### Work task
Everything in the records below from the line containing "Leo practicing his cementing skills!" through the line containing "Radiateur en fonte" is to be reproduced exactly, those two lines included; no picture is to be copied.

### Records for this exercise
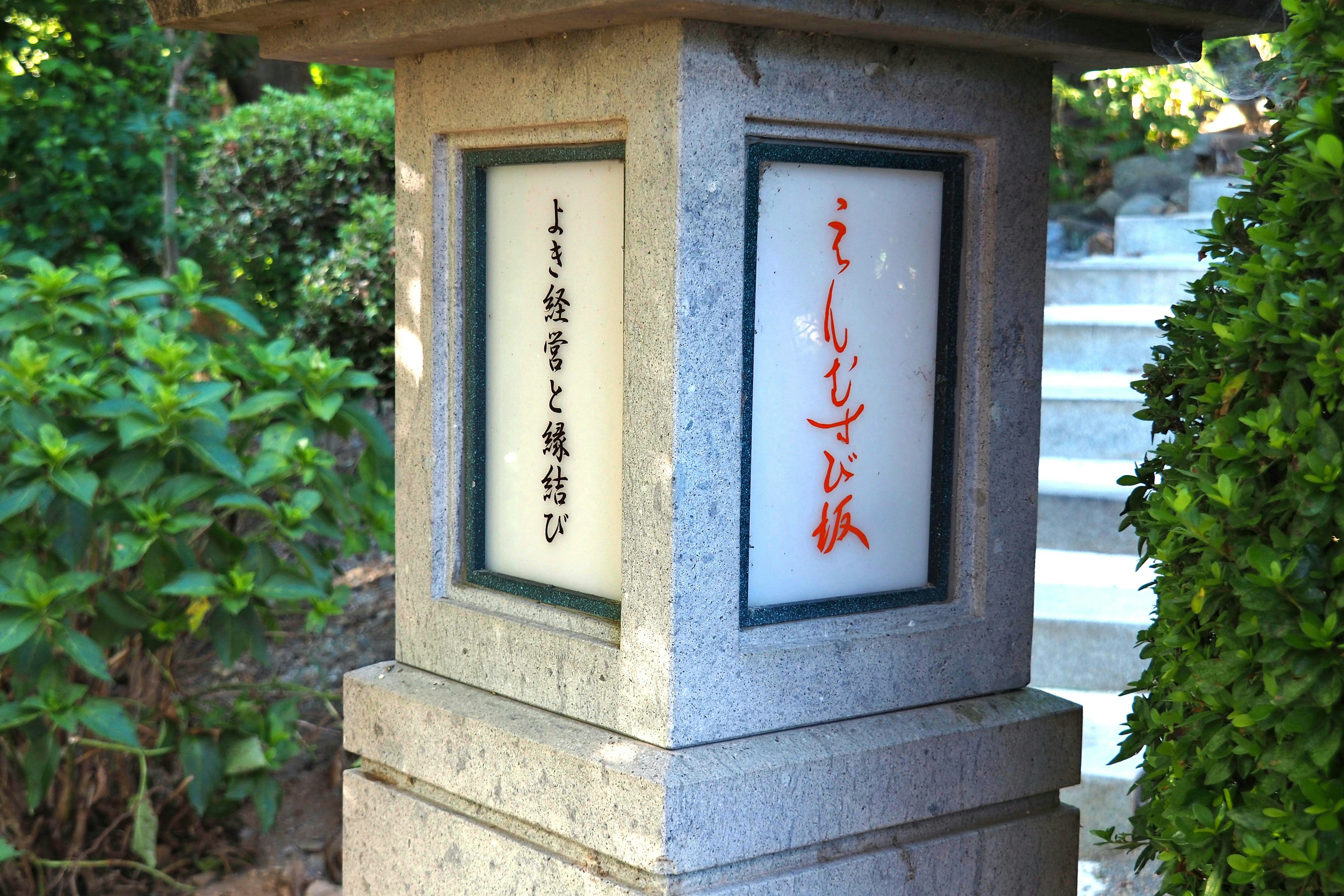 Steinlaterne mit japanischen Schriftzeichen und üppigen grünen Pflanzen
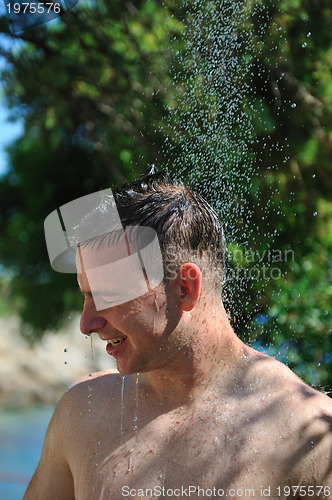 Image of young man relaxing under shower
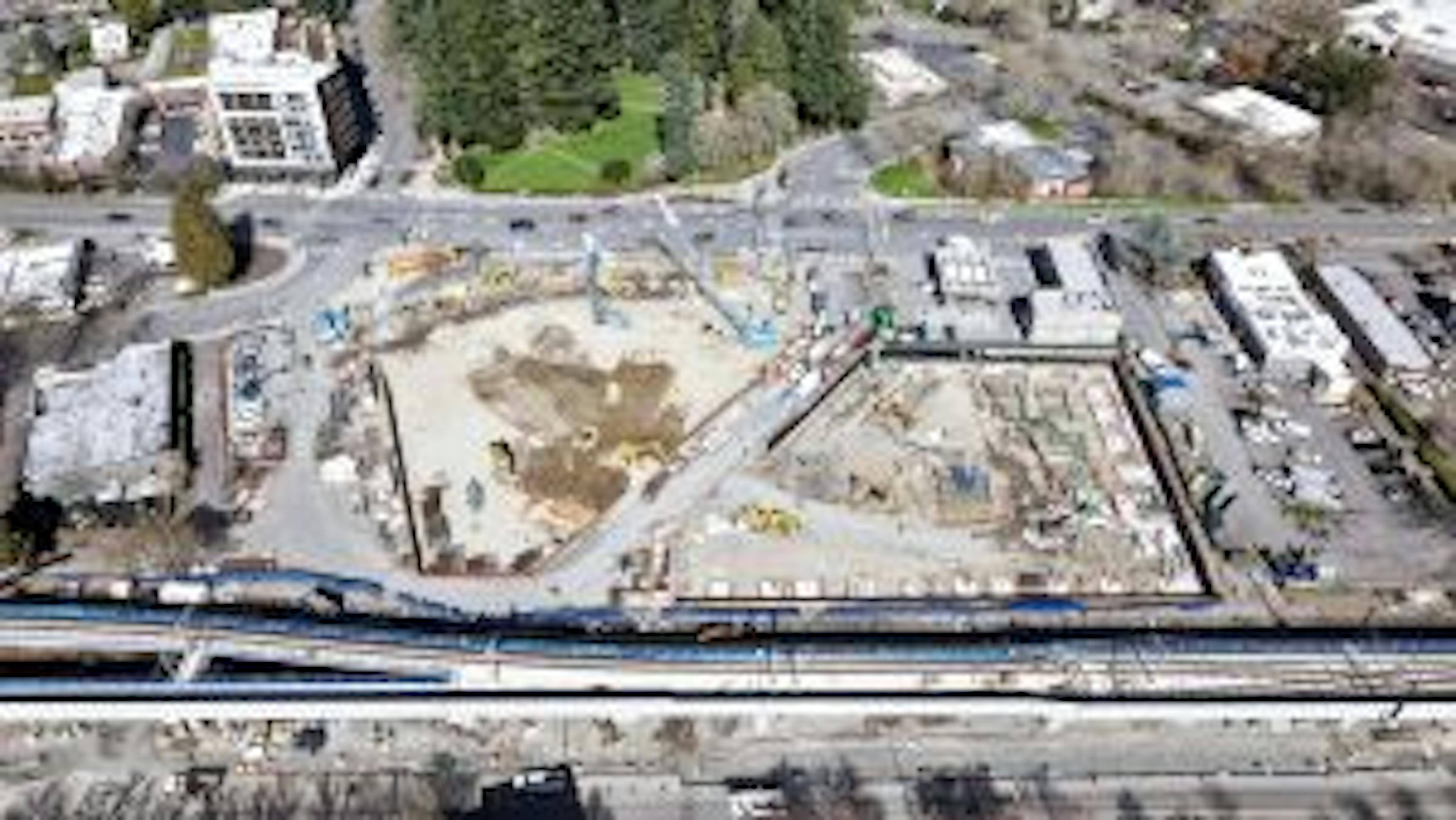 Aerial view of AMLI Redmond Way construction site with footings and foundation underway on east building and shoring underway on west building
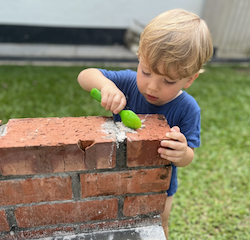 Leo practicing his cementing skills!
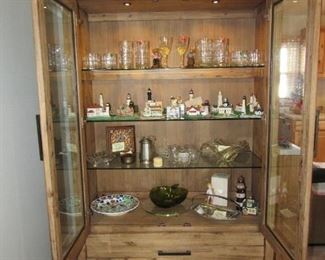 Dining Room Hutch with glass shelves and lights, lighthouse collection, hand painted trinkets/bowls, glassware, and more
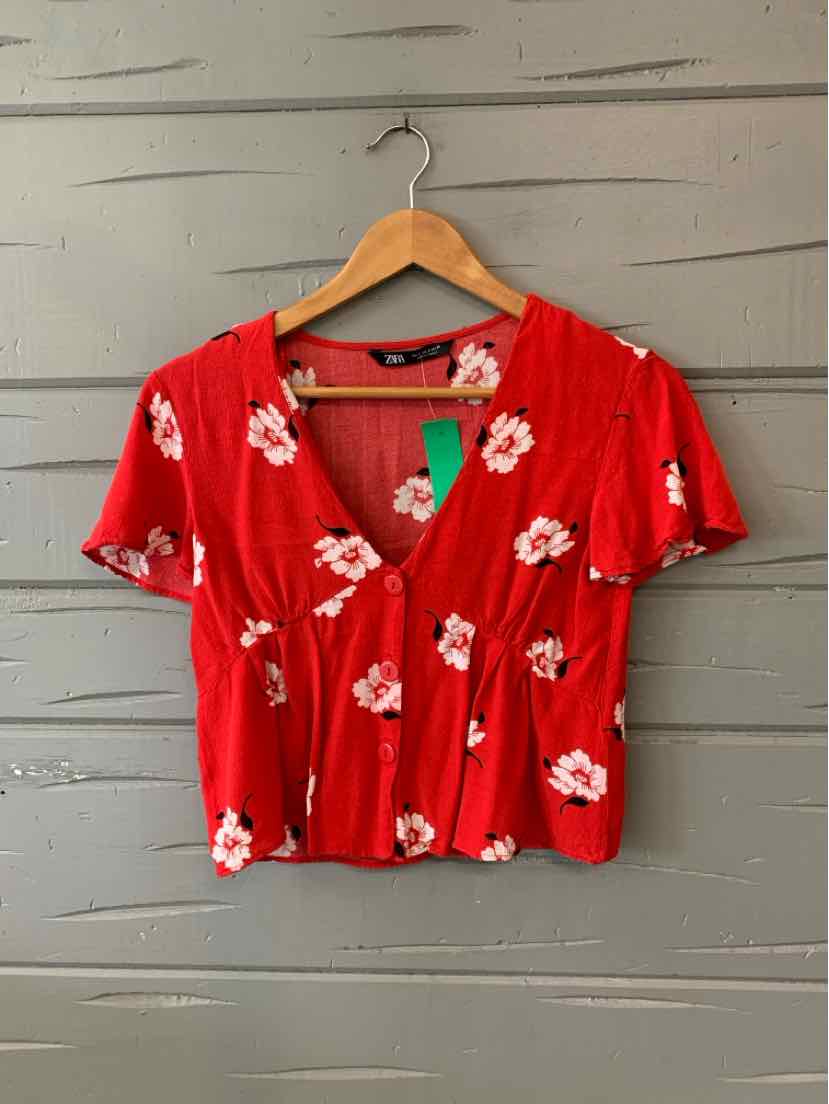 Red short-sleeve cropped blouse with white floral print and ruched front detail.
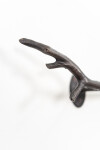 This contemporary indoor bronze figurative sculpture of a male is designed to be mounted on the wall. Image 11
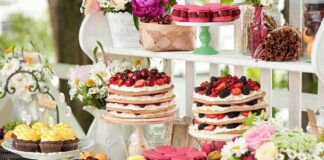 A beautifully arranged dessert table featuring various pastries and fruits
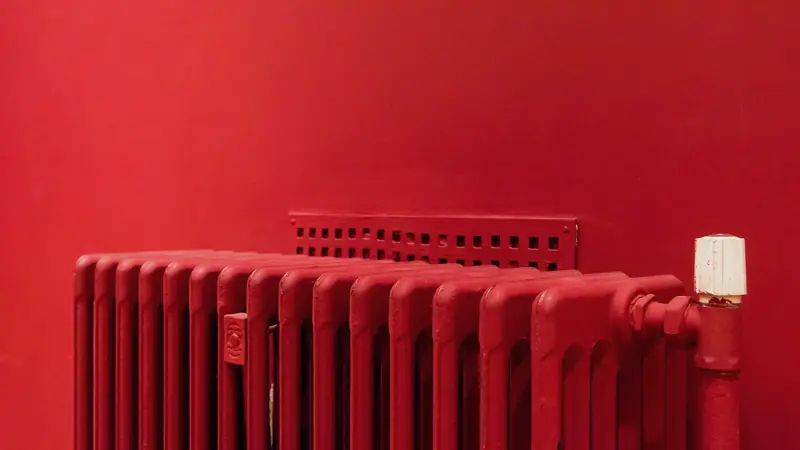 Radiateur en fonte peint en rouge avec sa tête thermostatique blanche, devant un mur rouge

==

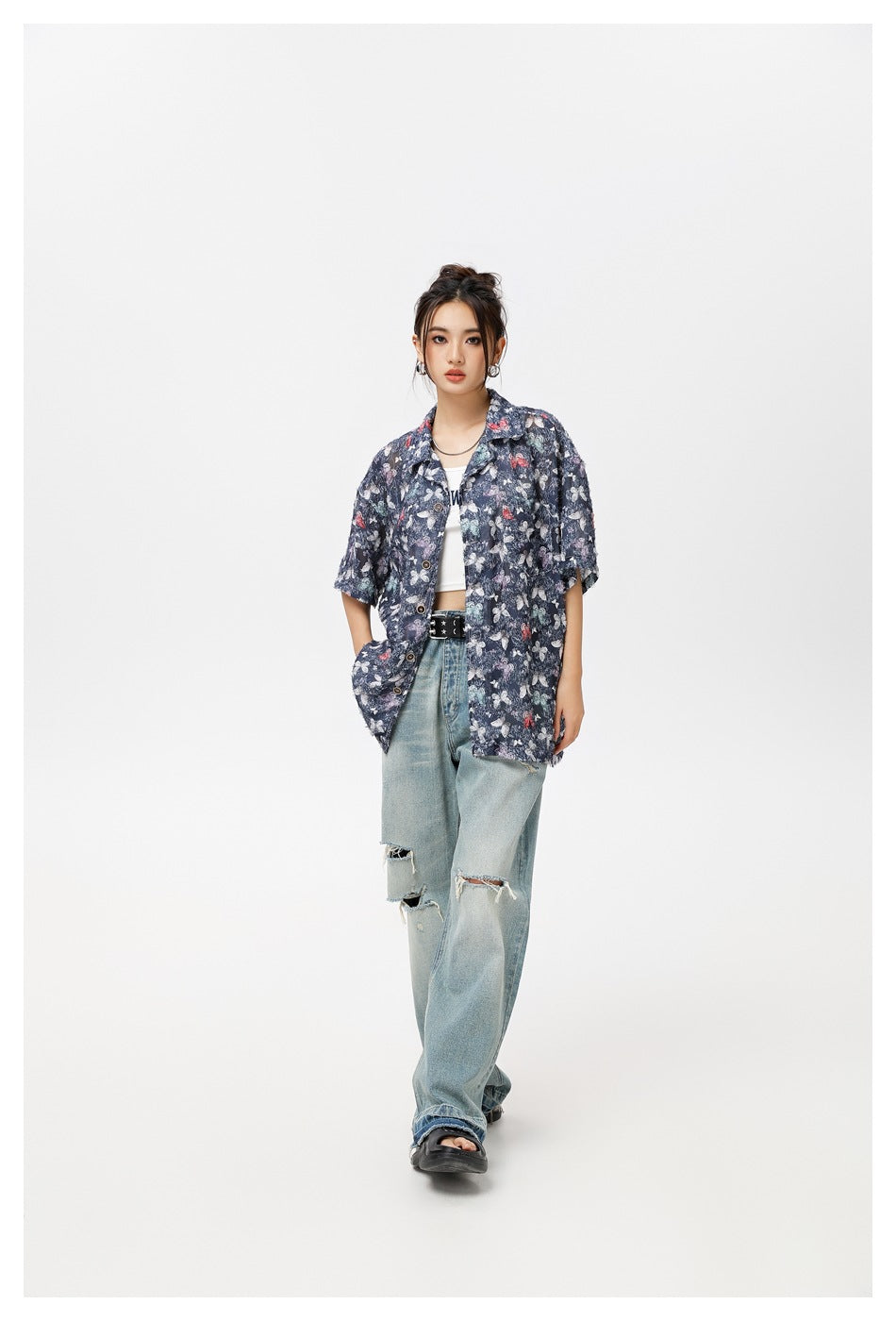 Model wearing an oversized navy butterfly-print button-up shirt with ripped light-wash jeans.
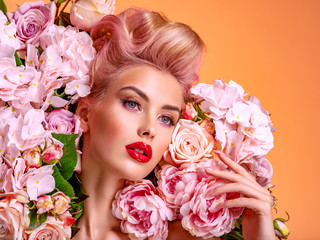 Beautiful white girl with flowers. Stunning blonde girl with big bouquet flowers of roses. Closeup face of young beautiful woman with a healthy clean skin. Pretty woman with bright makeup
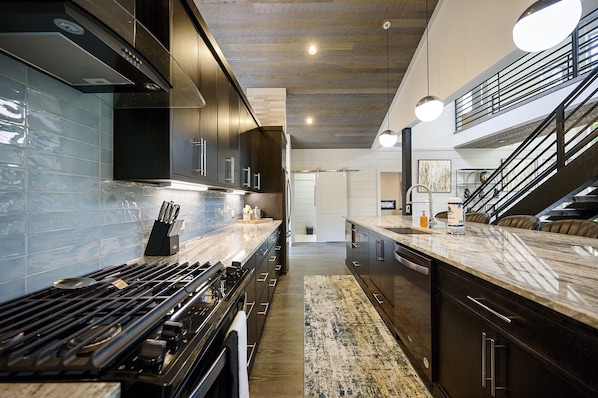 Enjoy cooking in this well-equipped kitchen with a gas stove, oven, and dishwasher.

### Response to the task
 Leo practicing his cementing skills!
 Dining Room Hutch with glass shelves and lights, lighthouse collection, hand painted trinkets/bowls, glassware, and more
 Red short-sleeve cropped blouse with white floral print and ruched front detail.
 This contemporary indoor bronze figurative sculpture of a male is designed to be mounted on the wall. Image 11
 A beautifully arranged dessert table featuring various pastries and fruits
 Radiateur en fonte peint en rouge avec sa tête thermostatique blanche, devant un mur rouge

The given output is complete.